Citations: IR-2005-119
Date: Oct. 11, 2005
New Tax Law Eases Loss Limitations for Katrina Victims
WASHINGTON -- The Internal Revenue Service today is advising
taxpayers who suffered casualty or theft losses as a result of
Hurricane Katrina about a recent change to the tax law. A new
provision lifts certain loss limitations for Hurricane Katrina
victims.
Ordinarily, to figure a deduction for a personal casualty or theft
loss, you must reduce the loss by $100 and also reduce the total of
your casualty and theft losses by 10 percent of your adjusted gross
income. Only the excess over these $100 and 10 percent limits is
deductible. The new law removes these limits for Hurricane Katrina
losses, so that the entire amount is deductible.
To qualify, a loss must be attributable to Hurricane Katrina and it
must have occurred after August 24, 2005, in the
Presidentially-declared disaster area. The $100 and 10-percent limits
still apply to losses that were not caused by Hurricane Katrina.
Like all casualty and theft losses, Hurricane Katrina losses must be
claimed as an itemized deduction. If you take the standard deduction
you cannot claim them. You cannot claim a deduction for any part of a
loss for which you receive or expect to receive insurance or other
reimbursement.
Casualty and theft losses are generally deductible only in the year
the casualty occurred or the theft was discovered. However, because a
Hurricane Katrina loss is a disaster loss, you have the option to
deduct it on your tax return for the previous year, 2004. The $100
and 10-percent limits will not apply to that loss in redetermining
your 2004 tax. If you have already filed your 2004 return, the loss
may be claimed by filing an amended return, Form 1040X, for 2004.
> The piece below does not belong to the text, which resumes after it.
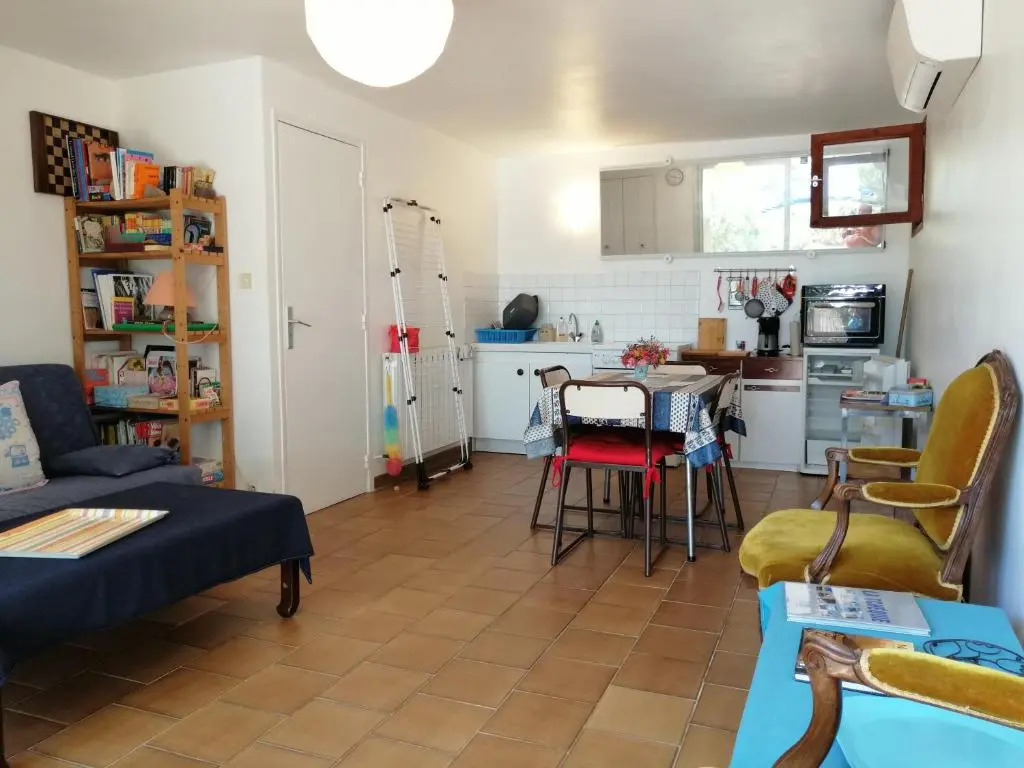 T2 36 m2, RdC de villa, clim, gd jardin clos, animx ok, quartier Mt Faron très calme, wifi, parking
Claiming the loss on an original or amended return for 2004 will
provide you an earlier refund, but waiting to claim the loss on this
year's return could result in a greater tax saving, depending on your
tax situation for 2005. If you wish to claim the loss for 2004, you
generally have until the due date for filing your 2005 return to do
so.
You determine your loss for personal use property by first figuring
the decrease in its fair market value as a result of the casualty or
theft. To do this, you must determine the fair market value of your
property both immediately before and immediately after the casualty
or theft (counting the value of stolen property as zero). An
appraisal is the best way to make this determination, but under
certain conditions you can use the cost of cleaning up and repairing
the property as a measure of the decrease in value. Compare the
decrease in fair market value with your adjusted basis in the
property. The adjusted basis is typically the cost of the property
and any improvements. From the smaller of these two amounts, subtract
any insurance or other reimbursement you receive or expect to
receive. Generally, you figure your loss separately for each item,
but treat real estate used for personal purposes, such as your home,
as one item (including the land, buildings, trees and other im
provements).
Taxpayers filing or amending their 2004 tax return and whose only
casualty or theft losses to personal use property claimed on that
return were caused by Hurricane Katrina should write in red ink
"Hurricane Katrina" at the top of Form 1040X. They must also attach
the 2004 Form 4684, writing "Hurricane Katrina" on the dotted line
next to line 11 and entering "0" on lines 11 and 17.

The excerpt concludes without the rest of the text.